Condamner la Société Qwant au paiement des intérêts courant au taux légal avec capitalisation jusqu’à parfait paiement sur les rappels de salaire, l’indemnité compensatrice de préavis, les congés payés afférents et l’indemnité de licenciement à compter de la date de réception, par la Société Qwant, de la convocation devant le bureau de jugement et sur les dommages et intérêts, à compter du jugement prononcé par la Cour d’appel.

Condamner la Société Qwant au versement de la somme de 10 000 euros au titre de l’article 700 du code de procédure civile.

Condamner la Société Qwant aux entiers dépens, y compris ceux en cas d’exécution forcée. »

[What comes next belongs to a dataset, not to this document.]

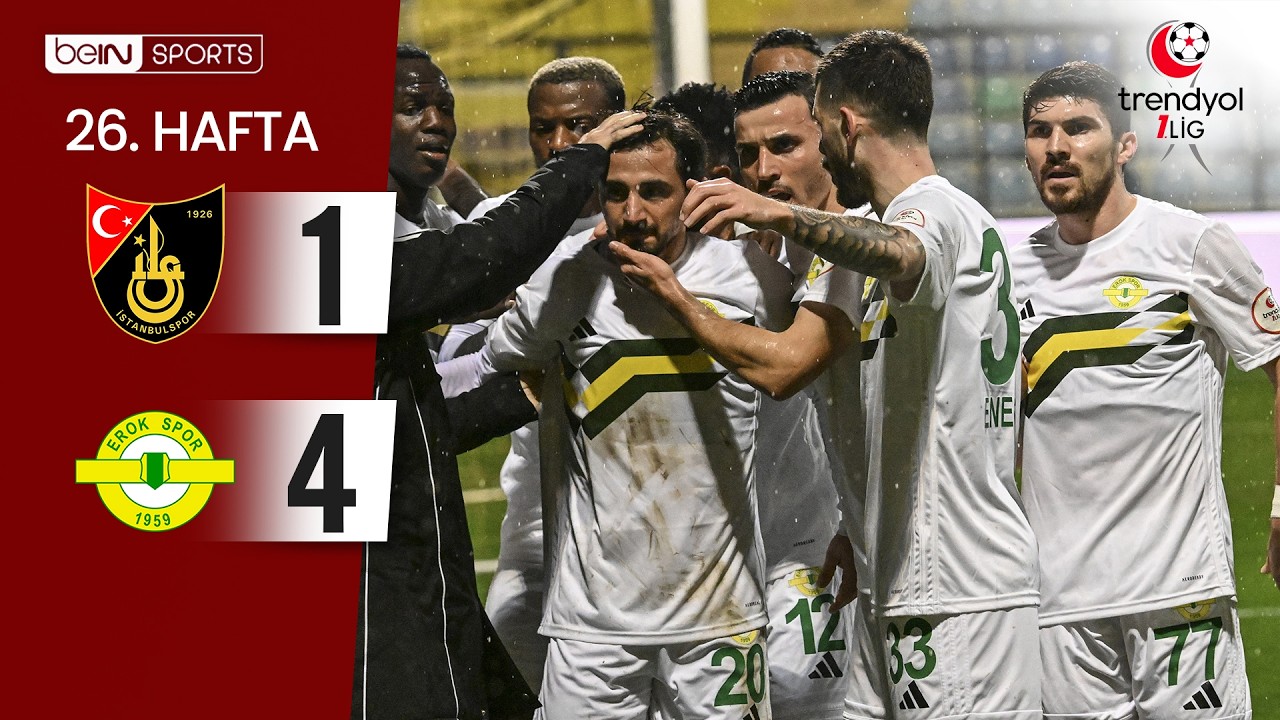 İstanbulspor (1-4) Esenler Erokspor | 26. Hafta Maç ÖZETİ | Trendyol 1. Lig - 2025/26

M. [M] [O] mentionne qu’il exerçait un mandat de président de la société Xilopix aux côtés de M. [D] [O], directeur général, et que son mandat social a pris fin au moment de la cession de celle-ci.

M. [O] soutient qu’une relation de travail salariée entre les deux parties s’est déroulée sur plusieurs mois à partir du 10 novembre 2017 jusqu’à sa prise d’acte de la rupture, que des échanges ont eu lieu entre les deux parties sur ses fonctions, qu’aucun contrat de travail écrit ne lui a été soumis pour signature, ni aucune rémunération versée.

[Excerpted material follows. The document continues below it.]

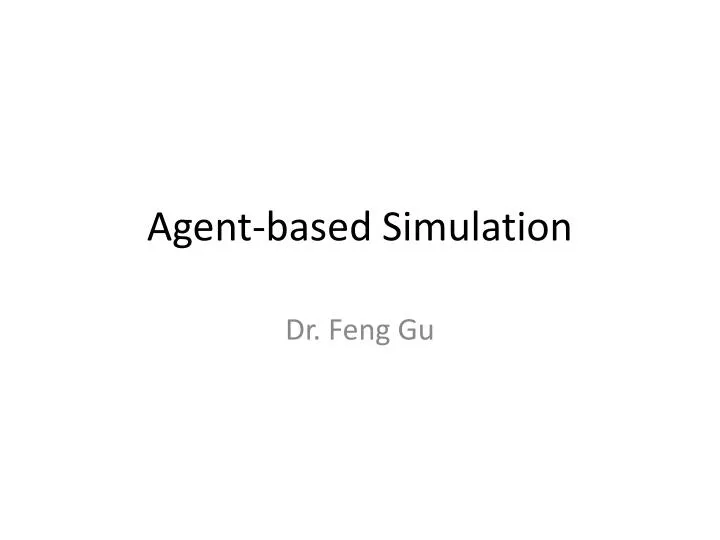 agent based simulation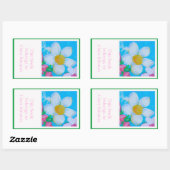 Sticker Rectangulaire Plaque de lecture de Happy Thoughts (Feuille)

M. [O] fait état de la commune intention des parties, et soutient que M. [L] lui avait assuré de l’intégrer au sein des effectifs de la société Qwant avec une rémunération égale à celle qu’il recevait en tant que mandataire social de la société Xilopix pour un poste basé sur [Localité 3], avec la possibilité de bénéficier de parts sociales.

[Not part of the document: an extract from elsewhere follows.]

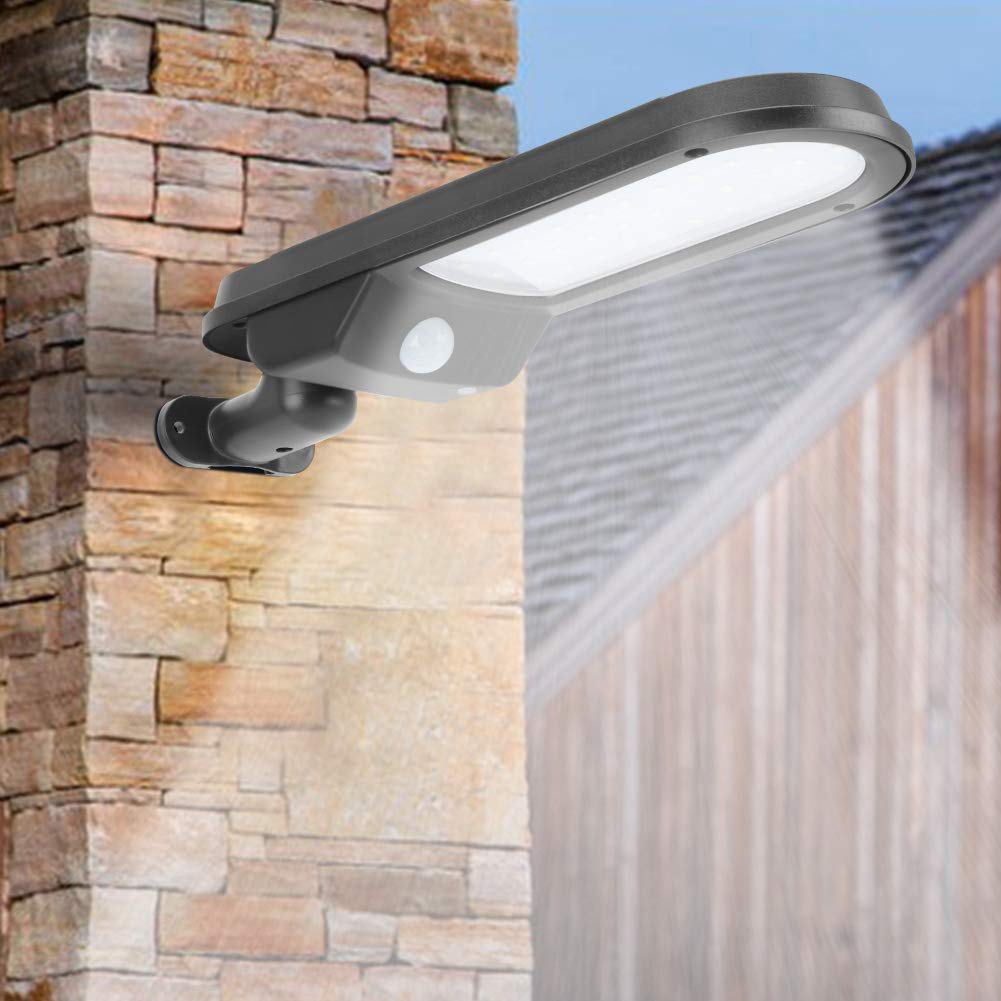 Bicaquu LED Wall Light, Energy-saving Durable Wall Solar Light, for Courtyard Garden Patio Yard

Sur la prestation de travail au profit de la société Qwant, M. [O] invoque la réalisation de nombreuses missions pour la société, outre la gestion quotidienne des salariés basés à [Localité 3].

Il évoque l’organisation de réunions, des entretiens téléphoniques avec les différents interlocuteurs de la société Qwant, et il soutient qu’il a ‘uvré pour la valorisation externe de la société Qwant auprès de l’ensemble de son réseau en s’appuyant sur Cinestic Cluster Innovation & Numérique de la région Grand Est. Il mentionne ses initiatives afin de permettre que la société Qwant tienne un rôle prépondérant dans la réalisation d’un audit pour le compte de la communauté d’agglomération d'[Localité 3], et qu’elle intègre le conseil d’administration de Cinestic.

Au titre de la relation de travail salariée, M. [O] fait notamment état :

– de la création par la société Qwant, d’une adresse mail à son attention le 11 décembre 2017, qui a été utilisée jusqu’à sa suppression le 2 mars 2018.

– de la demande formulée par la société Qwant, que tous les salariés, y compris M. [O], respectent les procédures internes dites « sensibles » ou de procédures relatives au partage de fichiers lourds.

– du même traitement que les autres salariés pour ce qui est de la téléphonie, soit une réponse négative apportée à son abonnement de téléphonie mobile, les autres salariés Qwant utilisant leur abonnement personnel.

– de ce qu’il avait accès aux locaux de l’entreprise par le biais d’un système de badge, et de ce qu’il bénéficiait de l’attribution d’un bureau.

Sur le lien de subordination, M. [O] soutient qu’il était intégré dans un service organisé, soumis aux ordres et directives de la société Qwant relatives à la détermination des horaires, à la gestion administrative, et à la réception des ordres et directives dans les tâches à accomplir.

M. [O] soutient qu’il s’est vu attribuer la fonction de directeur de développement correspondant à la position la plus haute de la convention collective applicable (convention des bureaux d’études techniques, des cabinets d’ingénieurs-conseils et des sociétés de conseils), et qu’il a été associé aux projets définis par la société Qwant.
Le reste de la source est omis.